Learning Ruby on Rails
Wow, Ruby and Ruby on Rails is a different animal. What I like about it is that it's monolithic and self-contained and what I don't like about it is that it's monolithic and self-contained. What I mean by this is that Ruby and Ruby on Rails is so different and in its own world, it practically forces you to specialize in it. Specialization is very dangerous thing for software developers because software technologies are constantly and rapidly changing and therefore skills in high demand today could, and most likely, as all things, dry up tomorrow. When you are forced to look to another skill, it's always the "years of experience" over "acquired skills" that count. What hiring managers always fail to understand is that software engineering is software engineering, no matter the programming language, framework or methodology. Blah.I few Ruby/Rails ways of doing things
-Ruby likes to call what are well-known as an object's "properties" object "attributes."-Rails has a million short-cuts to do the same thing that really only saves a few characters of typing.

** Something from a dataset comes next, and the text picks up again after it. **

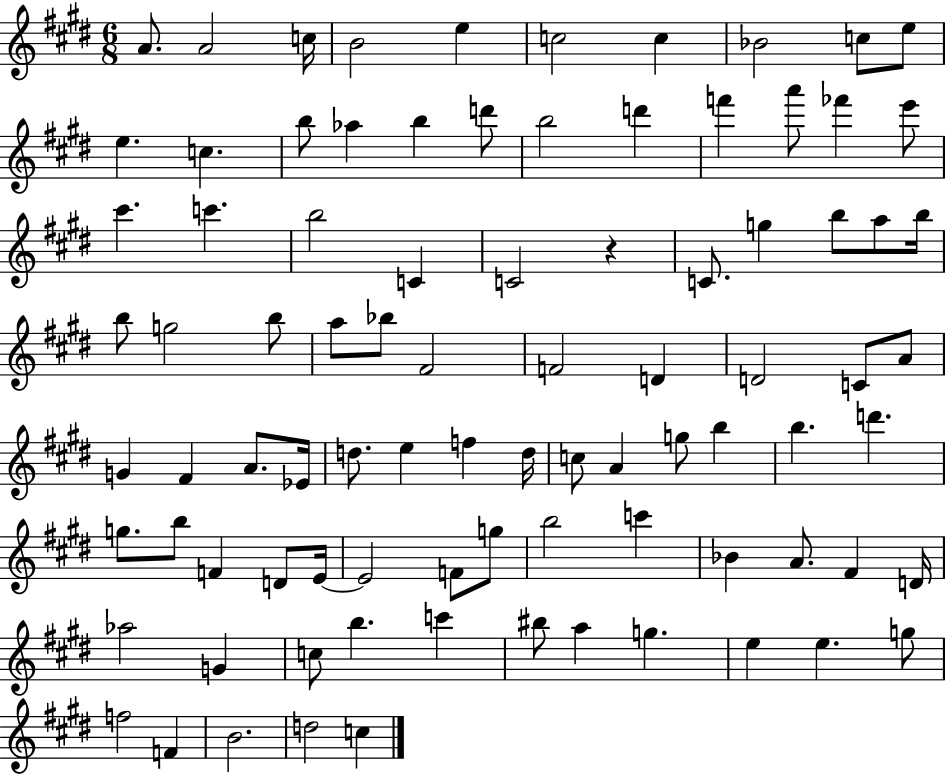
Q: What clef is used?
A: treble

-Ruby and Node.js have many similarities so you have to wonder which came first. I'm guessing Ruby. After that, one has to wonder which came first Ruby or Python. IDC.

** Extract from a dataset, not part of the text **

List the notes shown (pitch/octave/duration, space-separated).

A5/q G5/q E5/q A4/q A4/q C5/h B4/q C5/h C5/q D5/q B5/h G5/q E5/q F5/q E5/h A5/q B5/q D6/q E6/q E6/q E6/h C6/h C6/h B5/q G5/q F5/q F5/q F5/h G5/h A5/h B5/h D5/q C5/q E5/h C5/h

-Static class methods are defined/named with the prefix of "self."
-The Ruby gem that is a test suite product to test Ruby code, called RSpec, likes to refer to a "test case" or single "test" as an "example". This test suite gem likes to refer to "assertions" as "expectations." So far, I really like the RSpec gem except for its own terminology for what is well-known, industry-wide, nomenclature.
RSpec is like nothing you've seen before
RSpec is a test framework for testing Ruby programming language and Ruby on Rails applications. It seems to bend over backward trying to couch test implementation as if expressing paragraphs of English sentences. Unfortunately it uses a terminology that is not common to the software development industry - past or present (and I know a little about the past). It's a bit rough to wrap your brain around but I can see that you can get away with using a small subset of the specification to do a decent job at testing your ruby code.